The safe path: retrieval over improvisation
If you want AI assistants for oversight or leadership continuity, prioritize systems that:
- Answer from approved internal documents (retrieval-augmented generation), rather than “freewriting.”
- Cite the originating document internally (even if you don’t display citations publicly).
- Respect access controls and keep sensitive data segmented.
A one-liner worth keeping: In government, an AI assistant is only as trustworthy as its sources and its access rules.
What public sector leaders should do in Q1 2026
Answer first: The next 90 days are enough time to put real structure around AI oversight—without stalling delivery.

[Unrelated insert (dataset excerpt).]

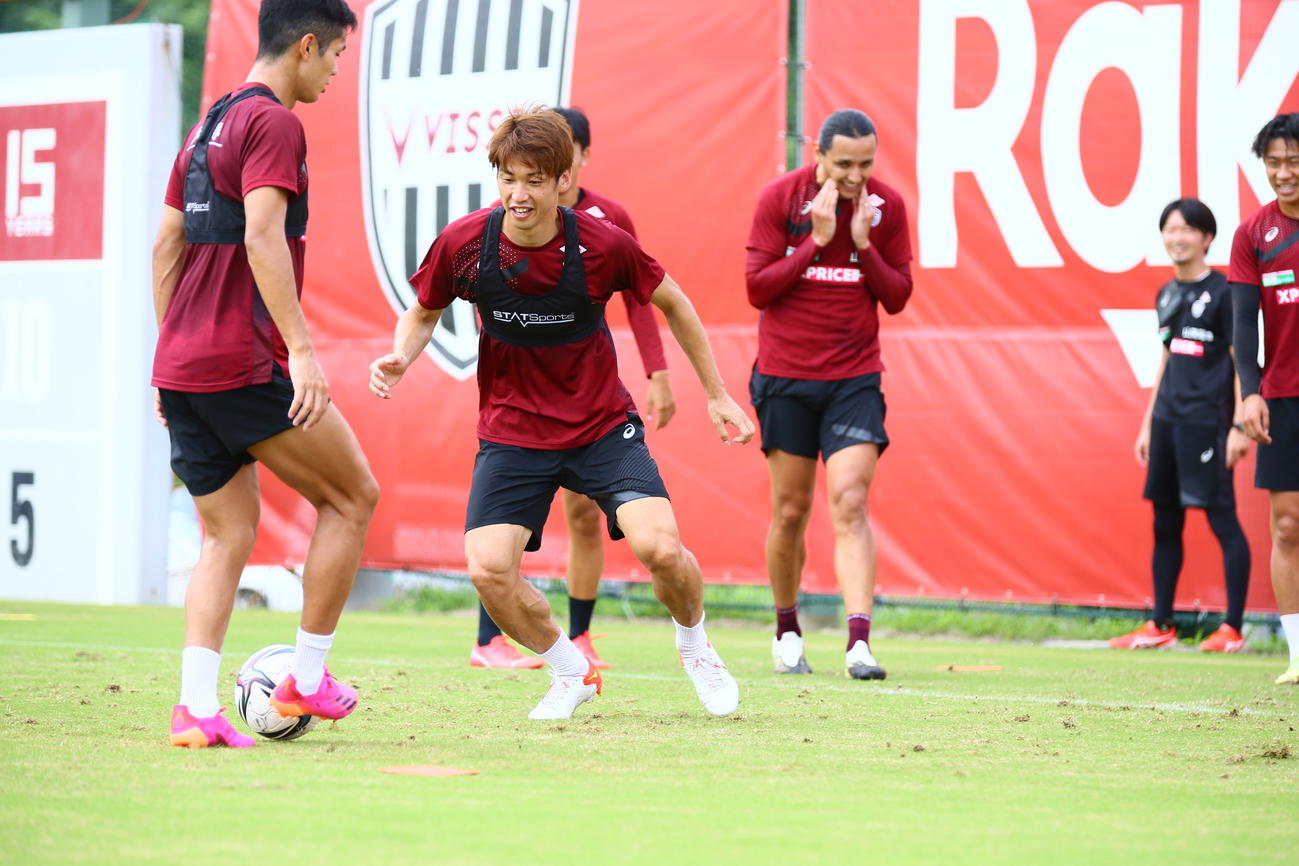 神戸の練習に初参加した大迫勇也（中央）、左は武藤嘉紀（C）VISSEL KOBE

If your agency is building or buying AI now, set up these actions early in the year while budgets, plans, and performance goals are being finalized:
- Inventory live and planned AI systems (including “embedded AI” in vendor tools).
- Assign model accountability: one senior owner per system, in writing.
- Standardize documentation: require a short model/system brief, risk assessment, and monitoring plan.
- Create an oversight cadence: monthly metrics for high-impact systems; quarterly for lower-risk.
- Run an audit drill: pick one AI workflow and simulate answering GAO-style questions (data lineage, decision trace, performance, and redress).
This isn’t bureaucracy for its own sake. It’s how you avoid front-page failures.
Where this goes next for AI in Government & Public Sector
GAO’s story under Gene Dodaro is a reminder that oversight is a service to mission delivery, not an obstacle to it. The strongest programs bake in transparency, measure outcomes, and hire for the skills the mission actually needs.
If you’re leading AI in government, treat GAO’s playbook as your early warning system. Build auditability into systems, define policy intent upfront, and monitor outcomes like you mean it. Then you can scale with confidence—even when scrutiny increases.
What would change in your AI roadmap if you assumed every high-impact model will eventually face a GAO-style review?